Lloyd's Maritime and Commercial Law Quarterly
BOOK REVIEW - ICSID REPORTS VOLUME 1
ICSID REPORTS Volume 1. Edited by R. Rayfuse, LL.B. (Ont.), LL.M. (Cantab.). Grotius Publications Ltd, Cambridge (1993) xxiv and 642 pp., plus 57 pp. Appendices and 27 pp. Index. Hardback £150.
The 1965 ICSID Convention is one of the world’s most widely ratified treaties. Accession to it appears to have become one of the first priorities of newly independent States, which seem to regard membership of the ICSID system as a practical necessity if foreign investment is to be attracted. In recent years there has been an increase in recourse to ICSID tribunals—now commonly specified in concession agreements, investment codes and bilateral and multilateral investment treaties as available as of right to foreign investors in dispute with the host State. Since this first volume of ICSID Reports appeared in 1993, for example, cases have been initiated against Albania, Bangladesh, Burundi, Costa Rica, Ghana, Madagascar, Malaysia, St Kitts and Nevis, and Zaire. The awards of ICSID tribunals (on which some very distinguished international lawyers have sat) possess, however, an importance extending far beyond the area of foreign investment. They have dealt with a wide range of procedural and substantive issues of international law, and are both of interest and of importance to scholars and to practitioners before any international tribunals.

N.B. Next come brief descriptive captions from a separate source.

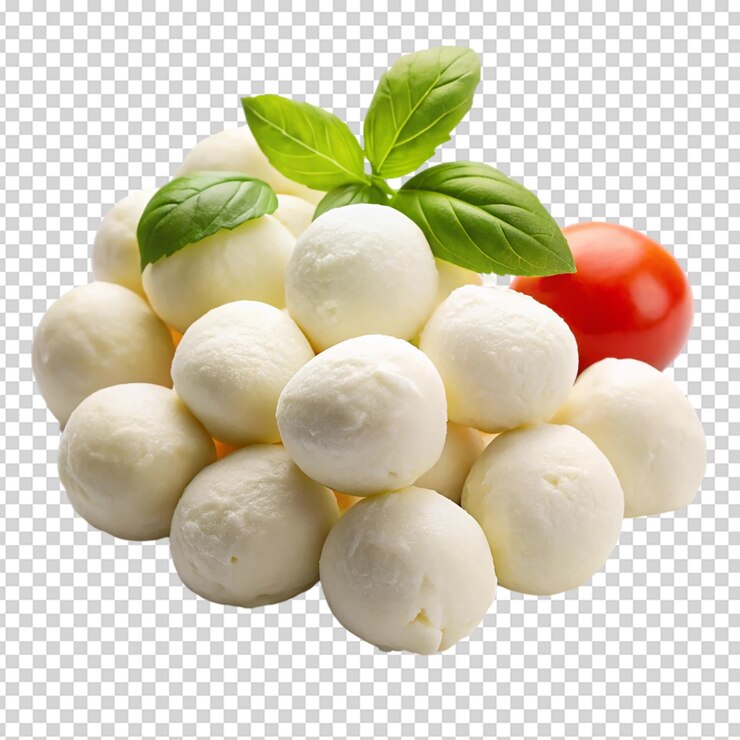 Mini palle di mozzarella sullo sfondo bianco isolato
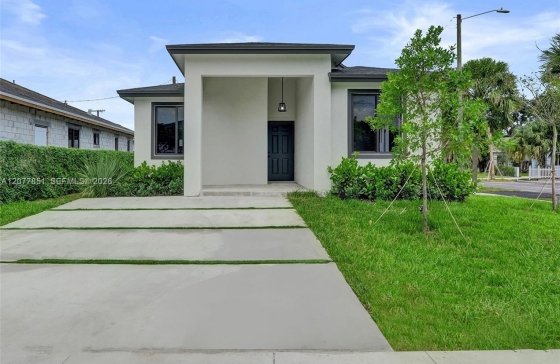 599 SW 12th Ave #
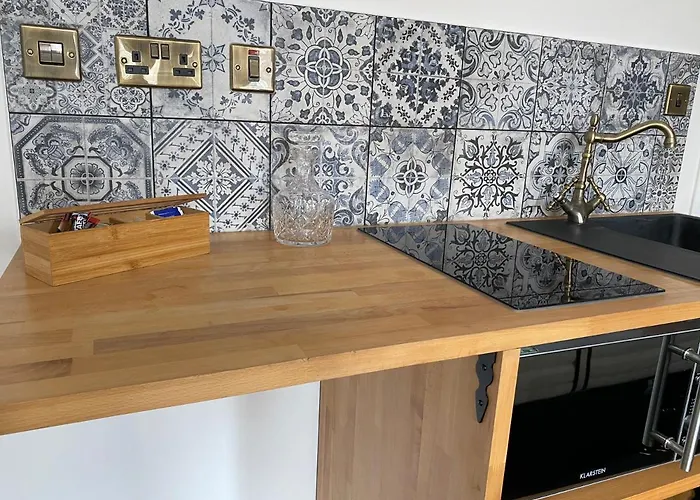 Queen Street Boutique Aparthotel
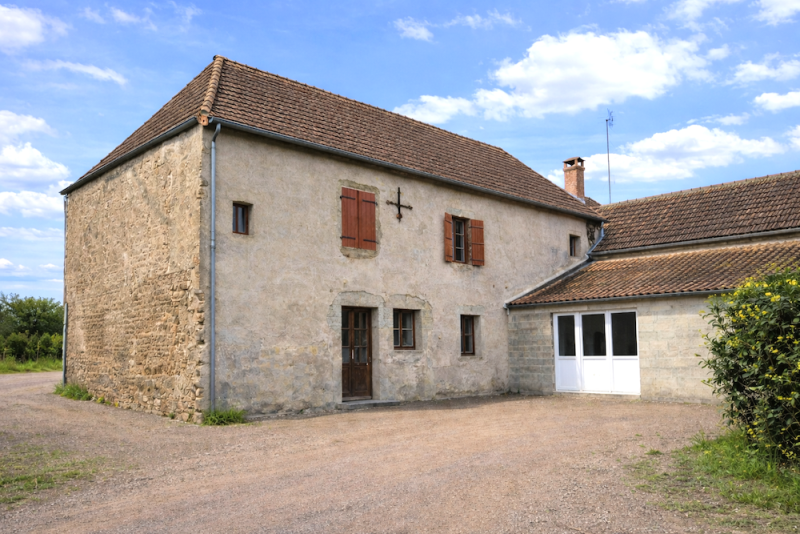 VEROSVRES - Maison de charme 4/5 ch 160 m² - Terrain 1839 m²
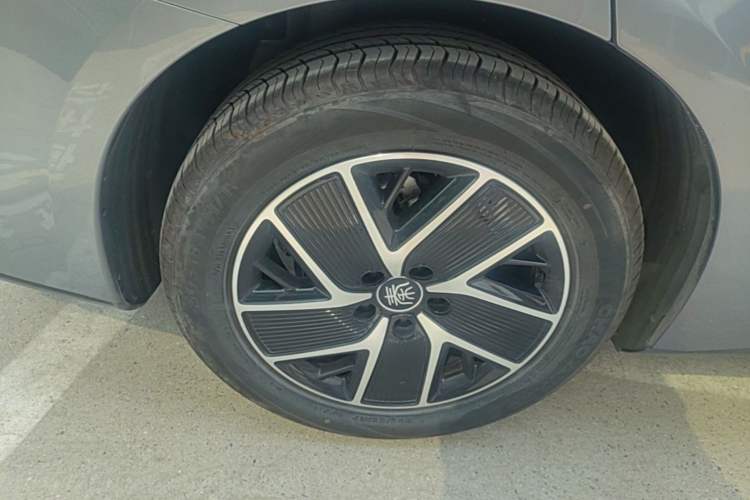 Used BYD Qin L 2025 DM-i Smart Drive 120KM Superior Model Right Rear Wheel Hub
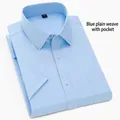Camicia business blu chiaro a maniche corte da uomo con trama piatta e taschino - Armatura tela blu (con tasche) / 38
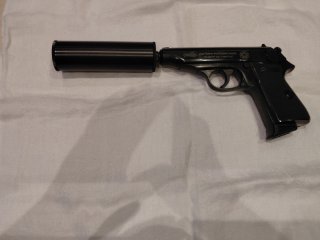 Walther PP mit Schalldämpfer Sonderedition.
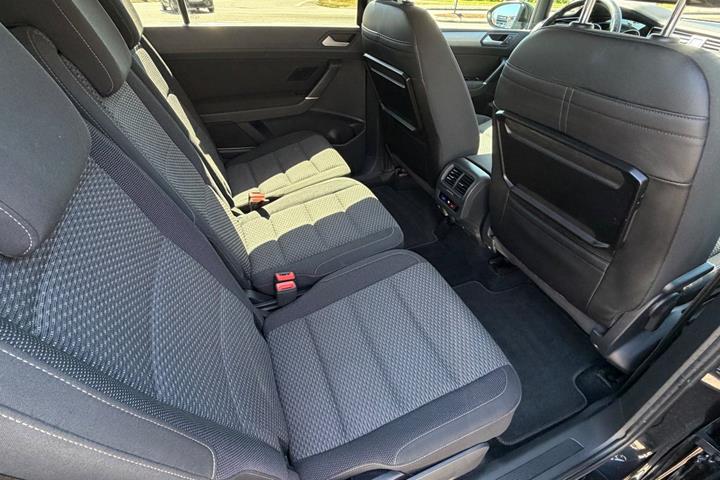 Sort VW Touran fra 2017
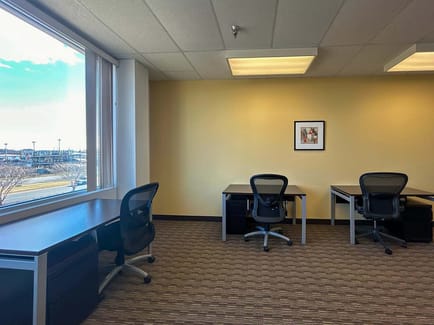 Image 4 of Regus - Central Park Corporate Center - Central Park Blvd. - Fredericksburg - VA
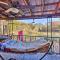 Riverfront Getaway with Treehouse, Fire Pit and Deck! - Mammoth Spring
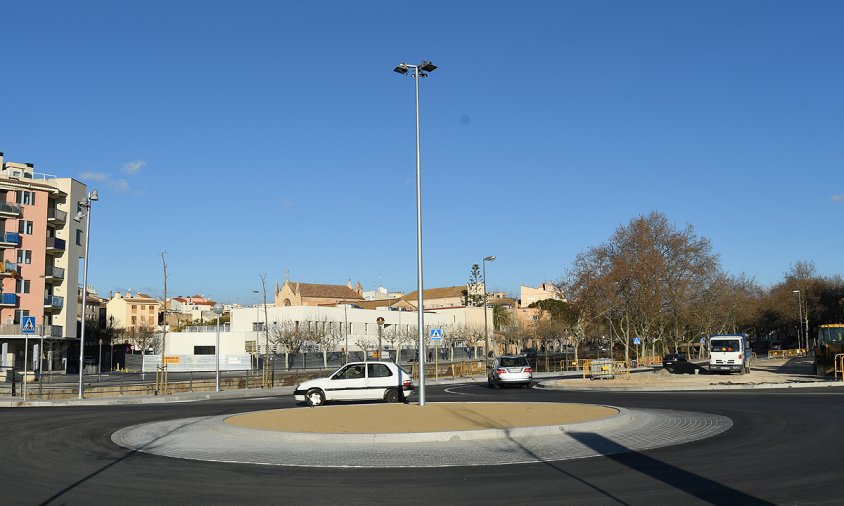 Imatge de la nova rotonda de l'avinguda d'Adelaida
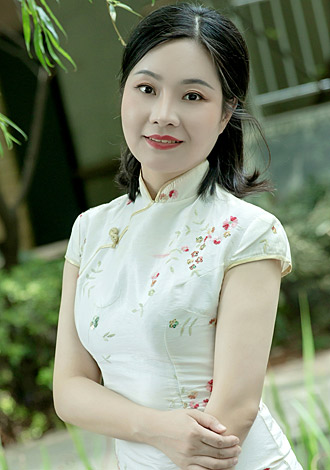 Gorgeous member profiles: free Asian member Ruohan (Rita) from Chengdu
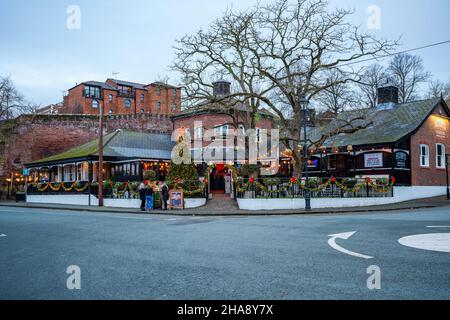 CHESTER, CHESHIRE, Großbritannien - 05. DEZEMBER 2021: Hickory's Smokehouse Restaurant Stockfoto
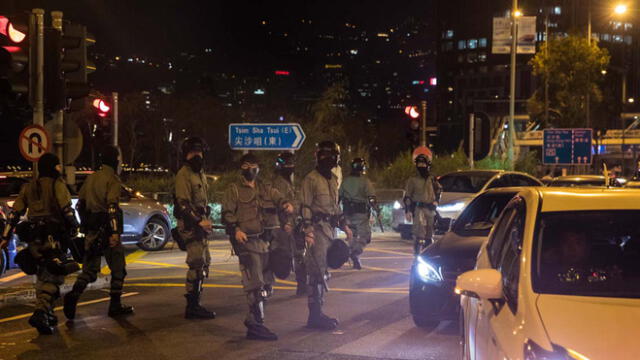 Policía rodea el campus de la Universidad Politécnica en Hong Kong.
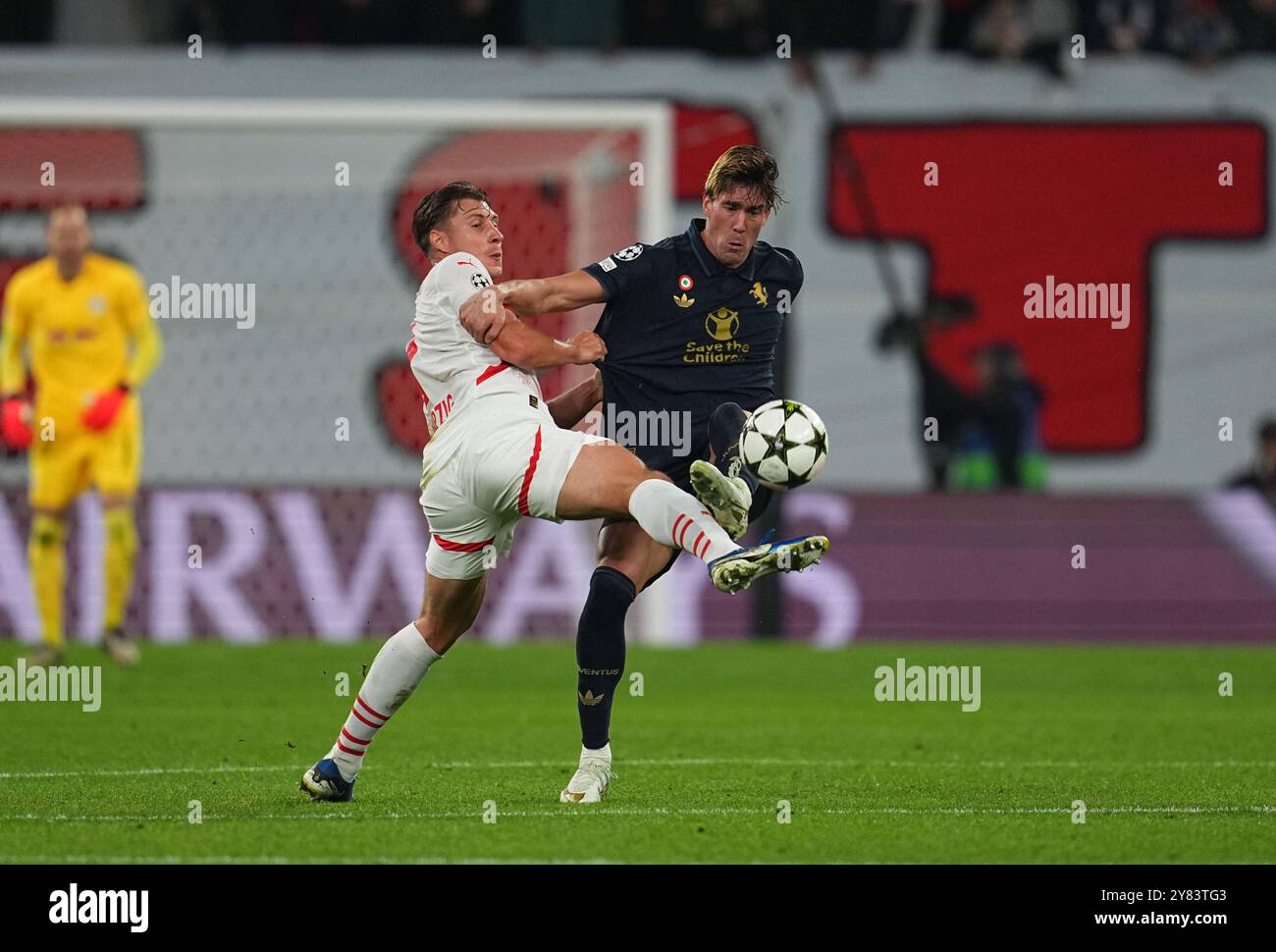 Red Bull Arena, Leipzig, Deutschland. Oktober 2024. Willi OrbÃ¡n von Leipzig und DuÅ¡an VlahoviÄ‡ von Juventus kämpfen um den Ball während eines Spiels der Champions League Group Phase Tag 2, RB Leipzig gegen Juventus, in der Red Bull Arena in Leipzig. Ulrik Pedersen/CSM/Alamy Live News Stockfoto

This new series of reports is prepared (to declare an interest) under the auspices of my own university’s Research Centre for International Law by Rosemary Rayfuse, who is now teaching in Australia. The first volume sets out the basic ICSID texts—the Convention, the arbitration and conciliation rules, and so on—and an extensive and helpful bibliography. But the bulk of the book is, of course, taken up with the texts of ICSID awards. It is a part of the conventional wisdom that clients favour arbitration because it is confidential. There is no duty, it is often said, to disclose the award to anyone. The problems confronting the editor of a series of reports of ICSID arbitrations are, accordingly, plain. Yet many parties to ICSID proceedings, recognizing the great interest attaching to considered awards by eminent lawyers on points of much practical importance, have been willing to release (in some cases sanitized) texts for publication.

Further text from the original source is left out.